*** EXERCISE MATERIALS ***

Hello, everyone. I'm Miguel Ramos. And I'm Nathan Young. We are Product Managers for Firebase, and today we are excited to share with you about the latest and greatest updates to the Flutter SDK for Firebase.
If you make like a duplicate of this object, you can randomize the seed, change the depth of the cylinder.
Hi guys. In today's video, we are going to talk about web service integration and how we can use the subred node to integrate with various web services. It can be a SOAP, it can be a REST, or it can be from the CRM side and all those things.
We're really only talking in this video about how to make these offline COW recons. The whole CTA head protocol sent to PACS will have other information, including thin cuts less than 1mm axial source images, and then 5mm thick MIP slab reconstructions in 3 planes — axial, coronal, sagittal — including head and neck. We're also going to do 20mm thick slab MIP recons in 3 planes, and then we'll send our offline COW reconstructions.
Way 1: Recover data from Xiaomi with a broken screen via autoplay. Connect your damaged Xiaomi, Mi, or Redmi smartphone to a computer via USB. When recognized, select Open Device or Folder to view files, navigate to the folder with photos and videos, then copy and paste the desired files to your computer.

***
*** EXERCISE MATERIALS ***

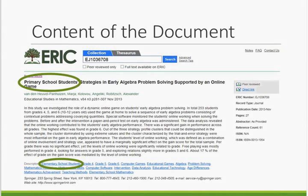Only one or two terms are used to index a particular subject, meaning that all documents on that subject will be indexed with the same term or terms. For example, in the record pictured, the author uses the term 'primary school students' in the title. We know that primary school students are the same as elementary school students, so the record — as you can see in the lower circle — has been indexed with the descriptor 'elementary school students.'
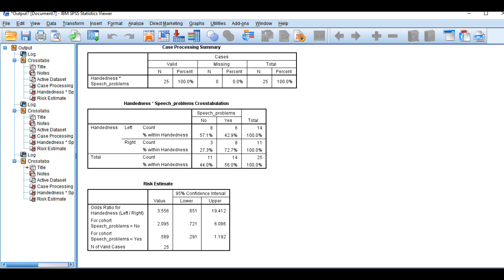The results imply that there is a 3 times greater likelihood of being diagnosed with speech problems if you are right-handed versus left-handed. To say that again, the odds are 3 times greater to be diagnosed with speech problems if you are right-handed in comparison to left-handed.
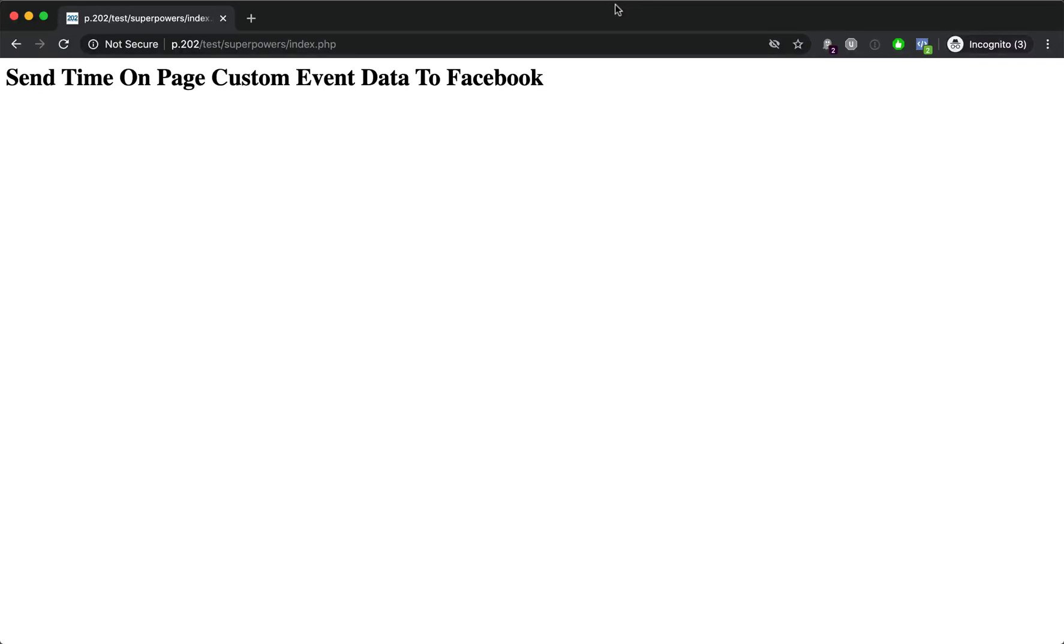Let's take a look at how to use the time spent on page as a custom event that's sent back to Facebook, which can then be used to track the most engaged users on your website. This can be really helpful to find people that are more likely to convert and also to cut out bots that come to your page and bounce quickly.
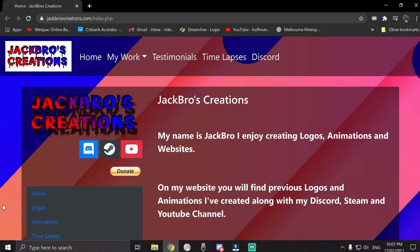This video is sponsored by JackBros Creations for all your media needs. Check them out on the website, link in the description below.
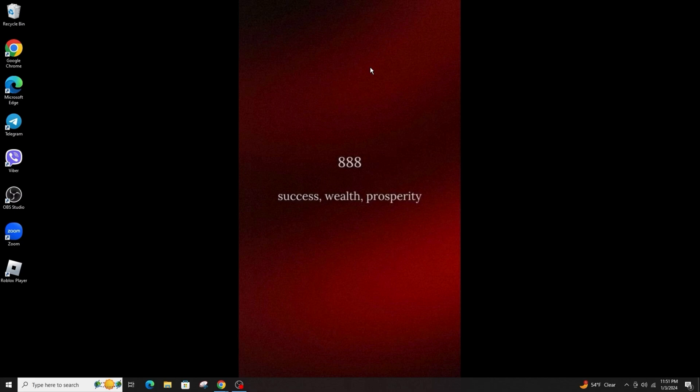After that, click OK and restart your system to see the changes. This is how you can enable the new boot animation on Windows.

***
*** EXERCISE MATERIALS ***

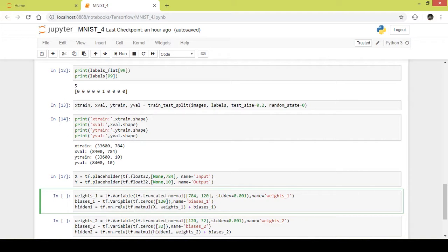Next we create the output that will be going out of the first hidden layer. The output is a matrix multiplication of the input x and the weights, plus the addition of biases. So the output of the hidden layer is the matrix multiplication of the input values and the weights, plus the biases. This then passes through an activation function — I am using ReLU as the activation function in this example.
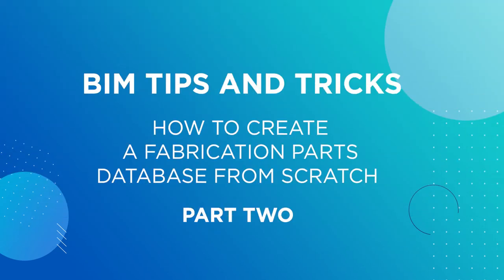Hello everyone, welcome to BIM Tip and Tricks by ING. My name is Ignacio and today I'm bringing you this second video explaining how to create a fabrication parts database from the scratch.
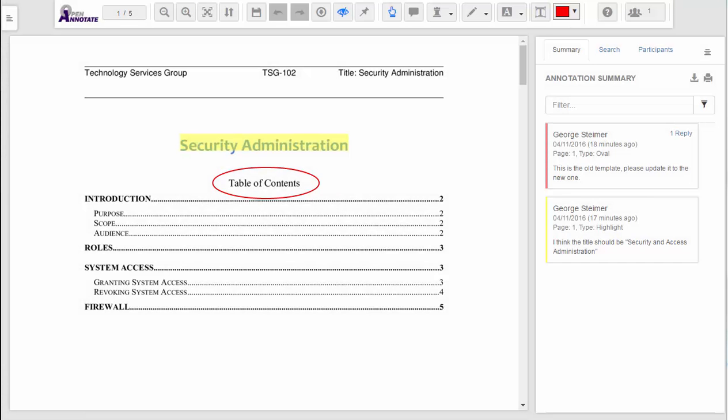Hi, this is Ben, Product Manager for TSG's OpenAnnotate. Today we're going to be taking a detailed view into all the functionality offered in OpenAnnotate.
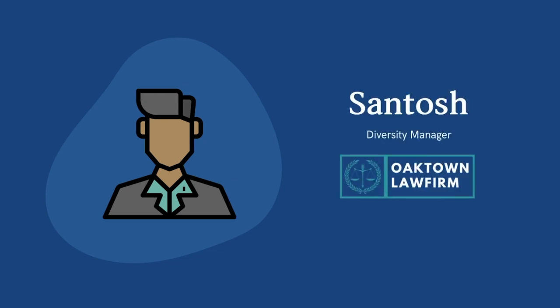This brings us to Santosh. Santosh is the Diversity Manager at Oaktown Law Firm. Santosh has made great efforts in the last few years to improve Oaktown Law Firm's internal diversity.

***

> **AIM OF THE EXERCISE**: Give back exactly the lines above, from the line containing "Hello, everyone. I'm" through the line containing "If you make", with both end lines and nothing more.

> **REPLY TO THE TASK**:
Hello, everyone. I'm Miguel Ramos. And I'm Nathan Young. We are Product Managers for Firebase, and today we are excited to share with you about the latest and greatest updates to the Flutter SDK for Firebase.
If you make like a duplicate of this object, you can randomize the seed, change the depth of the cylinder.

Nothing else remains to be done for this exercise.